É na solidão e na escuridão desta gaveta claustrofóbica, completamente imobilizado, que Jack Starks começa a “abrir” sua mente e consegue viajar para o ano 2007. Entretanto, ele não está preso no mesmo lugar no futuro. Lá, ele está livre o suficiente para conhecer Jackie Price (Keira Knightley, de Rei Arthur, bela e interessante como sempre), moça que conhecera criança em 1991 e pela qual acaba se apaixonando. Através de Jackie, ele descobre que morrera quatro dias depois do dia em que fez sua primeira viagem, ou seja, tem somente quatro dias de vida. A partir daí, seja no presente, com a ajuda da Dra. Lorenson (Jennifer Jason-Leigh) ou no futuro, Jack passa a procurar os motivos pelo qual morreu para, quem sabe assim, conseguir evitar o seu fim precoce.
Ainda confuso?
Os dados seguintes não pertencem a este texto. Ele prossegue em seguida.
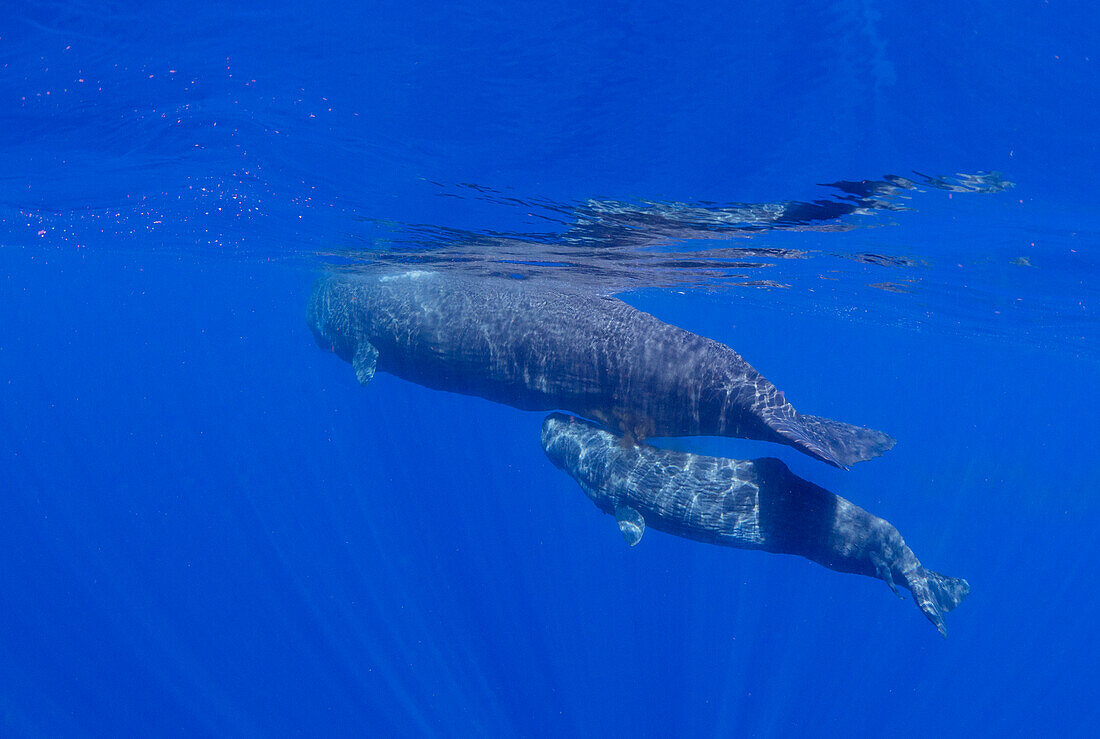 Eine Pottwalmutter mit ihrem Kalb (Physeter macrocephalus) schwimmt unter Wasser vor der Küste von Roseau, Dominica, Inseln über dem Winde, Westindische Inseln, Karibik, Mittelamerika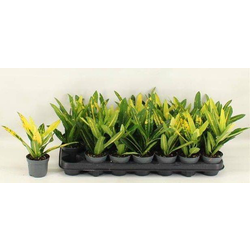 Croton mix 8                                      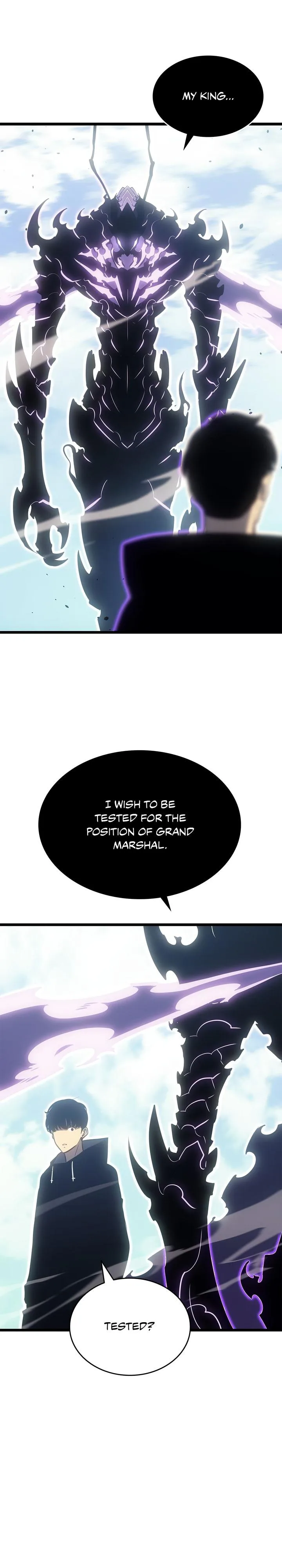 Solo Leveling - Chapter 167 - Page 25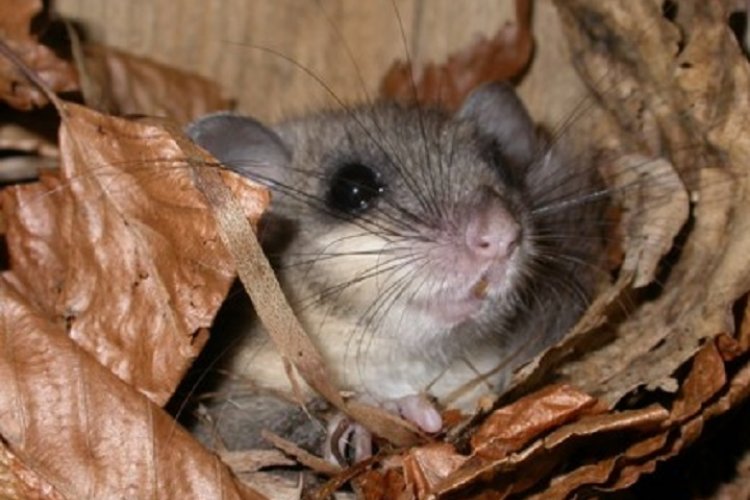 Popielica w kryjówce  www.salamandra.org.pl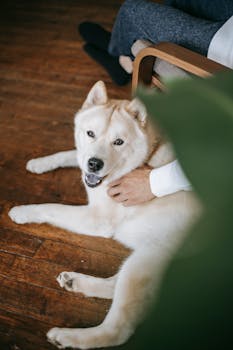 When Is the Best Time to Purchase Pet Insurance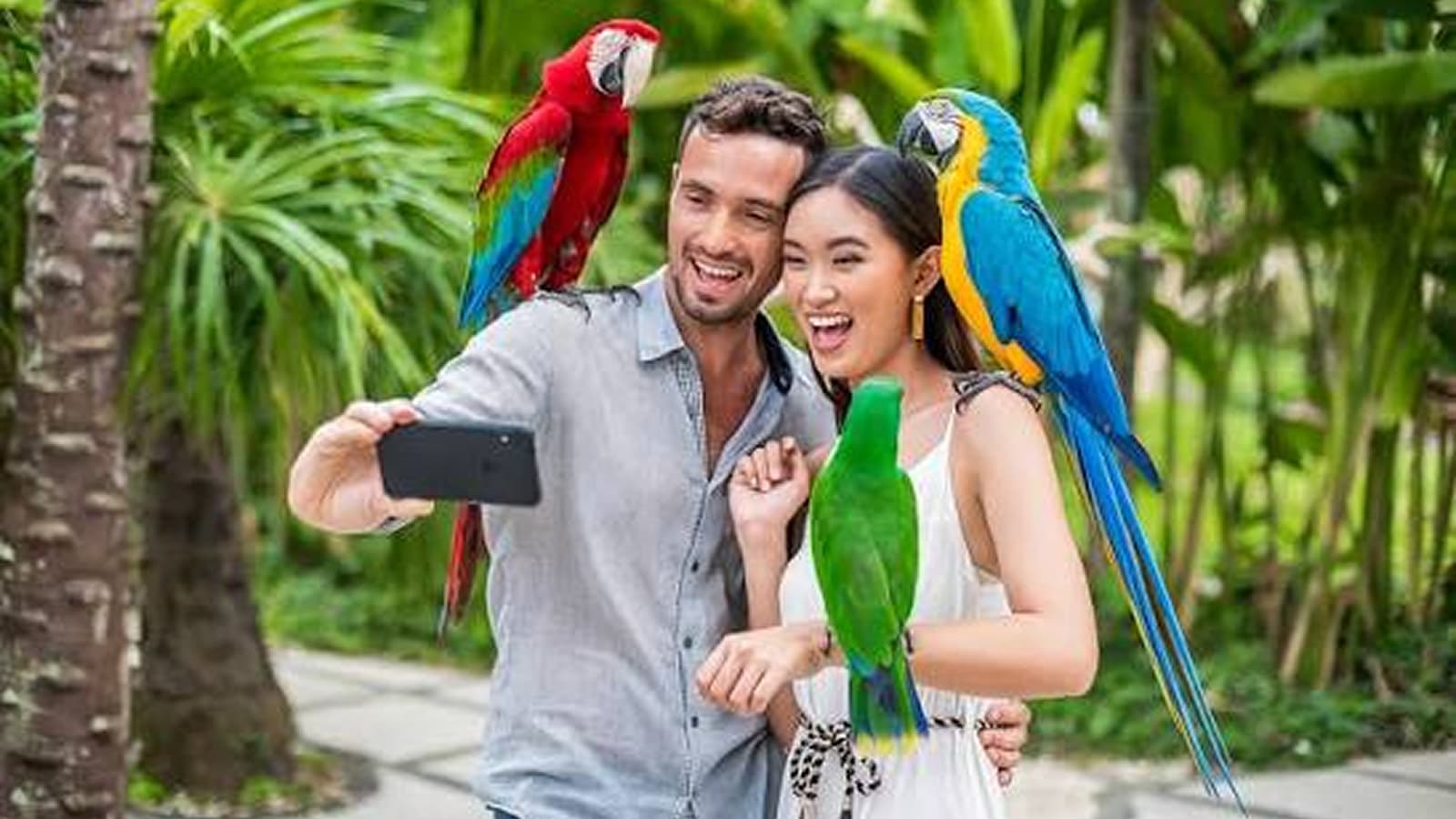 Balibirdpark(1) 1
Bom, no início é bem confuso sim e demora a fazer sentido, mas aos poucos as coisas vão se encaixando e o que se tem ao final é um ótimo suspense, apesar da premissa bastante maluca. É muito interessante observar como a atuação realista de todo o elenco, em especial dos coadjuvantes Kristofferson e Leigh, dá uma inusitada credibilidade ao filme, chegando até a causar um certo incômodo no espectador que, em pouco tempo de projeção, já comprou este enredo mirabolante e está roendo as unhas.
Não dá para deixar de citar a boa interpretação de Daniel Craig (de Nem tudo é o que Parece), que faz, sem maiores problemas, um dos loucos do hospício e há também as participações de Steven Mackintosh (o Winston de Jogos, Trapaças e Dois Canos Fumegantes) como o Dr. Hopkins e de Brad Renfro (de O Aprendiz), em uma pequena e quase despercebida aparição. A fotografia de Peter Deming também agrada. Aliás, este pode ser considerado um de seus trabalhos notáveis (para quem não sabe, este diretor de fotografia nascido no Líbano já trabalhou para David Lynch em Cidade dos Sonhos e Sam Raimi, o diretor de Homem-Aranha 2, em Evil Dead 2, além de ter contribuído também na trilogia Pânico, de Wes Craven, cuja última empreitada, o nojento Amaldiçoados, você confere aqui)
É realmente uma pena que este longa-metragem do britânico John Maybury, que tem também como pontos fortes a montagem ágil, a trilha sonora aflitiva composta por Brian Eno e um ótimo clima, tenha tudo para passar despercebido do grande público, pois é um cinema estadunidense de entretenimento e de qualidade, diferente dos “filmes nada” (cuja explicação você leu na resenha de Aprendendo a Mentir) sobre os quais você lê com freqüência aqui no DELFOS e que, lamentavelmente, ficam um bom tempo nos cinemas e ainda faturam na bilheteria. É uma obra que provoca sensações e faz pensar, o que, por si só, mesmo sem esta equipe de qualidade, já valeria o ingresso. Infelizmente, você não vai ter oportunidade de assistir na tela grande, pois este é um lançamento direto no DVD, que sai aqui no Brasil este mês. Alugue, pois vale a pena.